There are two parts to doing well in behavioral interviews: * On the job, do you actually behave in the way they're looking for. * Do you properly convey your on-job behavior. One step to improvement is just actually confirming which is the issue. Sure some people communicate poorly, but often also the scope of your past work is too small or your own described actions under certain situations are sub-optimal. If you always knew your actions were "wrong" you'd either change your own behavior or not mention those particular mistakes.
Thank you for the great feedback
What should we do if our scope is / was small?
Just like leetcode to prep for the technical portion, practice is your friend here. Don't wing it, particularly if you know this is a weakness. You can find many STAR, interview questions online. Write down your answers to about 20 of them. Use very specific data points about what you accomplished and how. Then film yourself giving the answer. It will feel uncomfortable at first, but once you've done each answer a dozen times you'll get more comfortable. Then find a human to start doing it so it doesn't look like you're talking to a machine. Repeat until you are fluid. Generally having answers to about 20 possible questions will give you enough in storage that you can apply them to. Just about any other question you might be asked. With preparation will come competence and then confidence. But don't underestimate the work this will take if this is a weak area for you
One problem is it sounds you’re trying to tell a really good story instead of being genuine and telling *your* stories and sharing your experiences. If this is what’s happening then it can come off as a surface discussion and the interviewers can have difficulty getting a read on who you are and how you’ll fit into the team and the company. Try this, collect behavioral questions you were asked and find some on the internet and practice answering them. Don’t make things up, think about your experiences and answer honestly. This will give you more practice for interviews. When asked in an interview, take your time and pause to gather your thoughts.
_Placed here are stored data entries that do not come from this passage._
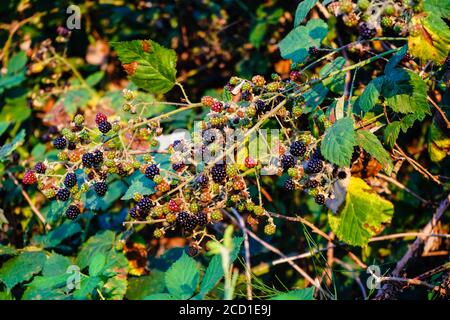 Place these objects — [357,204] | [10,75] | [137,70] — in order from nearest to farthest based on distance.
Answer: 1. [357,204]
2. [137,70]
3. [10,75]

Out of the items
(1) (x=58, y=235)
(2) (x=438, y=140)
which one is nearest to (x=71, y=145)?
(1) (x=58, y=235)

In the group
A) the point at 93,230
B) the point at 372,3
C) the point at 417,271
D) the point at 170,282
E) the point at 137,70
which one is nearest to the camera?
the point at 372,3

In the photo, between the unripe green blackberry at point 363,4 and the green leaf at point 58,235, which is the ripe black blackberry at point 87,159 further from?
the unripe green blackberry at point 363,4

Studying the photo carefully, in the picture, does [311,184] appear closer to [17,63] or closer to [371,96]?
[371,96]

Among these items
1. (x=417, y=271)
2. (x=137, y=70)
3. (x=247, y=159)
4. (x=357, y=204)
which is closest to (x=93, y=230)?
(x=137, y=70)

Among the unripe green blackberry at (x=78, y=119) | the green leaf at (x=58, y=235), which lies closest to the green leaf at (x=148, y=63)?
the unripe green blackberry at (x=78, y=119) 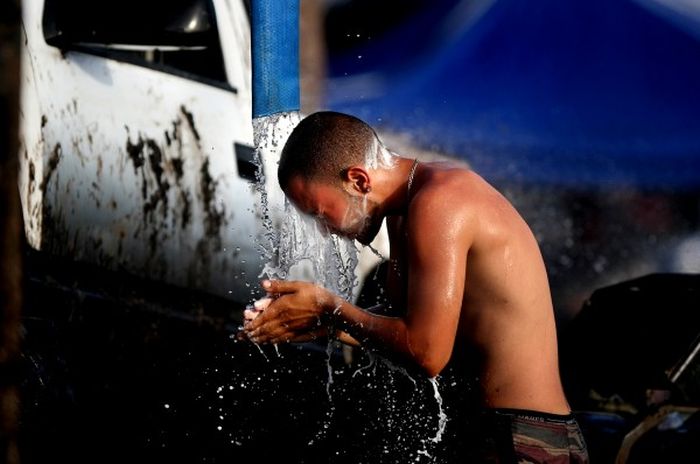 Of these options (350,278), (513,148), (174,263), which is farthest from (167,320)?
(513,148)

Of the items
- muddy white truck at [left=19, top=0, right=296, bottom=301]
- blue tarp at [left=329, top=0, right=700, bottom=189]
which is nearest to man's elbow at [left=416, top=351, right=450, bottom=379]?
muddy white truck at [left=19, top=0, right=296, bottom=301]

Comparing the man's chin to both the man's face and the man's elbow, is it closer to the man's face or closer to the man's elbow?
the man's face

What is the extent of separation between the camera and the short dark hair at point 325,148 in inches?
111

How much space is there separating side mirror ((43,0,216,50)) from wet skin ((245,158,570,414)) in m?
1.49

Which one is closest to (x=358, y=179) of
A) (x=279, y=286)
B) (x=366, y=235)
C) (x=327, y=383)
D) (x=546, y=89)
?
(x=366, y=235)

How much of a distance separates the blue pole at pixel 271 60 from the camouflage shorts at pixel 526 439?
56.4 inches

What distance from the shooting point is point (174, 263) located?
4379 millimetres

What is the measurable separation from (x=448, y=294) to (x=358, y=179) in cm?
50

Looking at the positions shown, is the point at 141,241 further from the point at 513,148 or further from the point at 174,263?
the point at 513,148

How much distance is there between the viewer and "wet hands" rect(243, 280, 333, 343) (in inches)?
106

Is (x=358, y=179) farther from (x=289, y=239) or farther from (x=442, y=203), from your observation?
(x=289, y=239)

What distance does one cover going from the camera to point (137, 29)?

I am being genuine. The problem is maybe not practicing enough or not thinking deep enough. But yeah there is something I am missing here Great point about collecting questions from past experiences and more from internet and practicing
Just behave like a human
Bold of you to assume a SWE is able to do that
Younger generations are really at a disadvantage in this regard due to the anti social nature of modern society. Back in the before times, people were able to understand what this means and it was just easy to be "normal" and sociable. Nowadays with the bizarre culture shifts and weirdness introduced into society along with the Covid anti-social policies and distrust and animosity introduced into society in general, it's much harder for people who were screwed by all that to just be a person anymore.